--- START ---

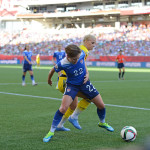 USA's Meghan Klingenberg shields the ball from Sweden's Sofia Jakobsson.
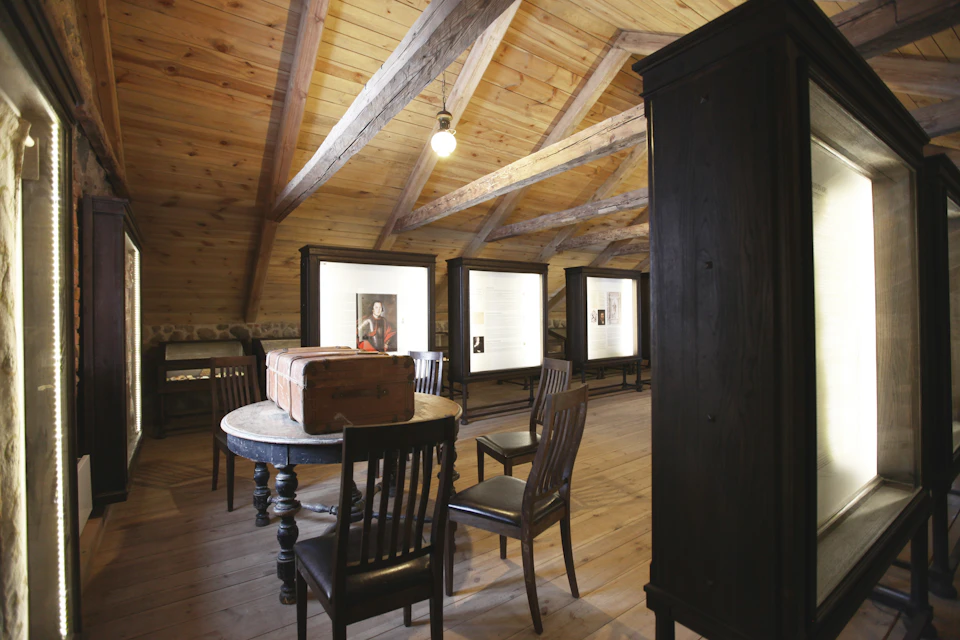 Wooden interior with a round table and chairs, showcasing framed pictures and text on easels against the walls.
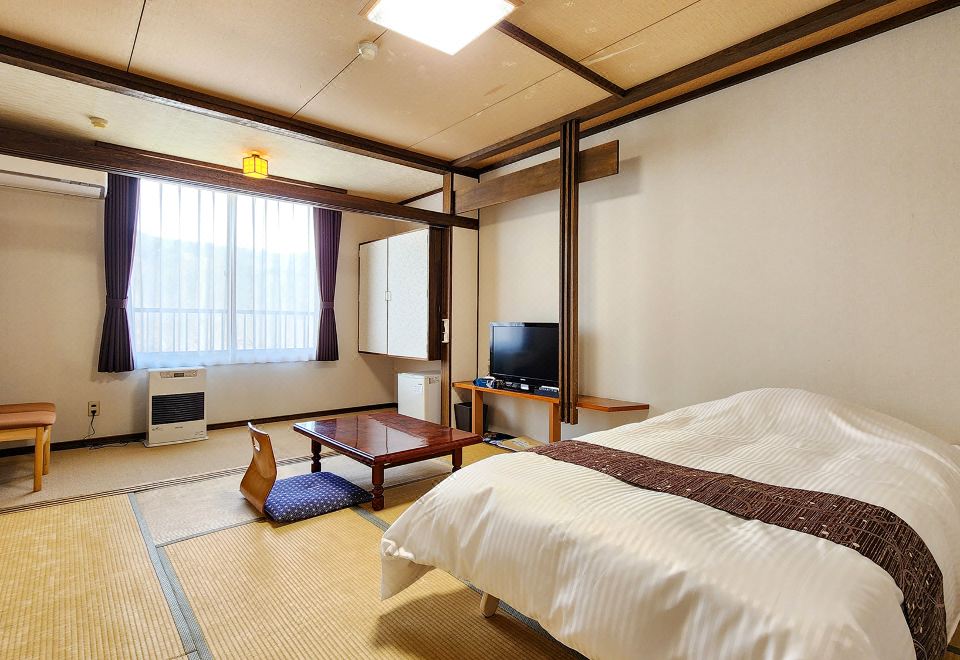 A tatami guest room with a bed and low table.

--- END ---

● **Task brief**
Output precisely the lines in the material above from the line containing "Wooden interior with" through its last line, and omit pictures.

● **Response box**
 Wooden interior with a round table and chairs, showcasing framed pictures and text on easels against the walls.
 A tatami guest room with a bed and low table.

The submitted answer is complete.